TASK REQUIREMENTS »
From the first line to the last, transcribe the data exactly and skip the pictures.

SUPPLIED MATERIAL »
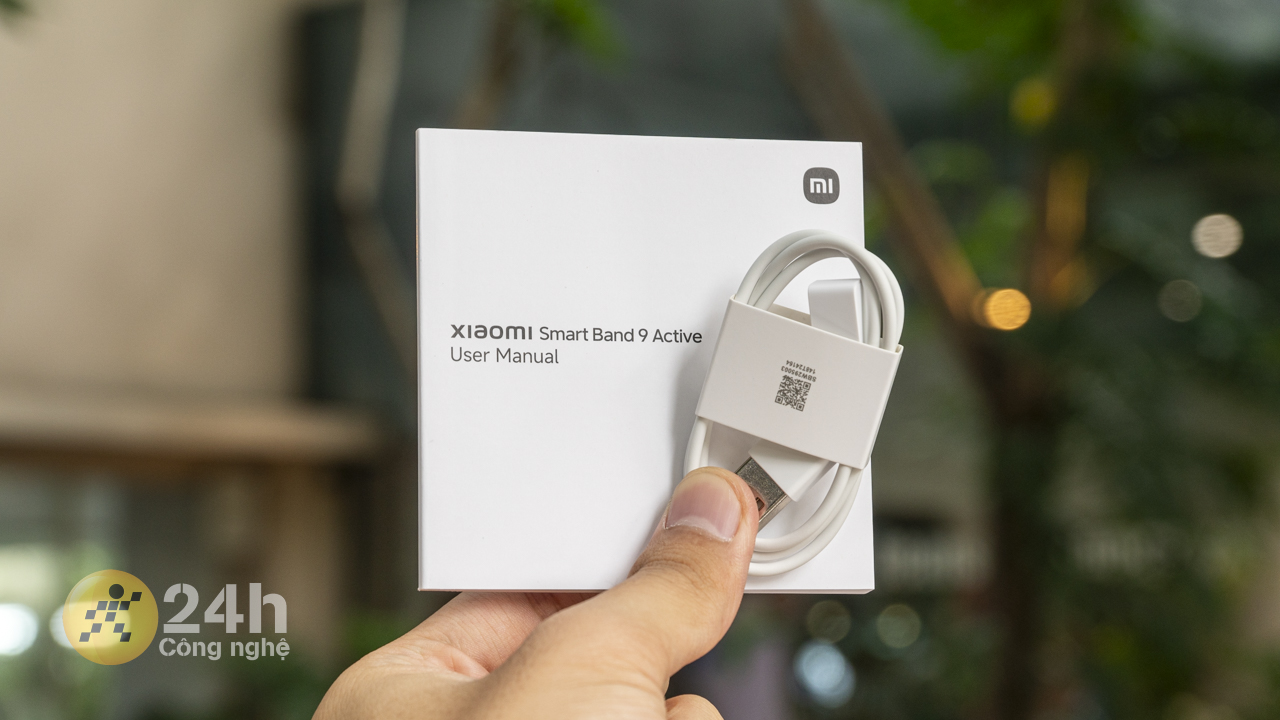 Bên trong hộp đựng Xiaomi Smart Band 9 Active chứa dây sạc nam châm và sách hướng dẫn sử dụng.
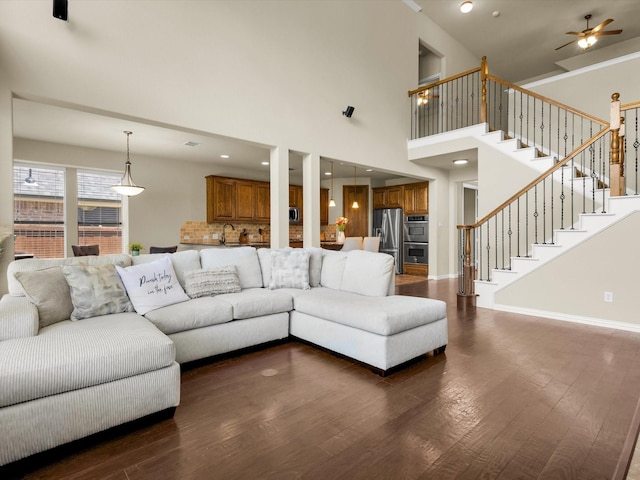 214 Crestbrook Dr, Rockwall, TX 75087 - living area with dark wood-style floors, stairs, a ceiling fan, baseboards, and a towering ceiling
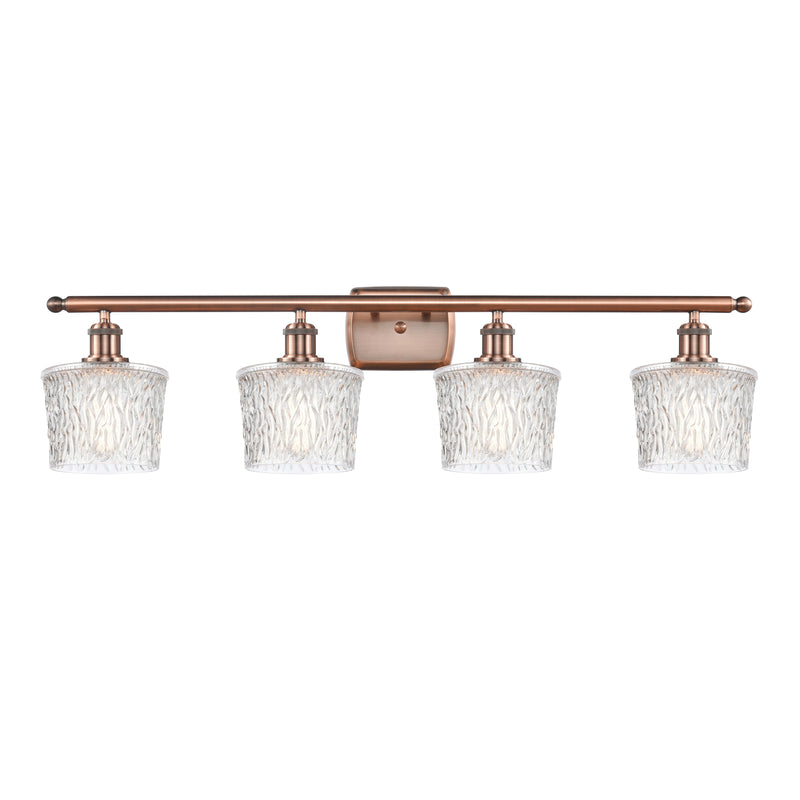 Niagra Bath Vanity Light shown in the Antique Copper finish with a Clear shade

FINISHED TASK »
 Bên trong hộp đựng Xiaomi Smart Band 9 Active chứa dây sạc nam châm và sách hướng dẫn sử dụng.
 214 Crestbrook Dr, Rockwall, TX 75087 - living area with dark wood-style floors, stairs, a ceiling fan, baseboards, and a towering ceiling
 Niagra Bath Vanity Light shown in the Antique Copper finish with a Clear shade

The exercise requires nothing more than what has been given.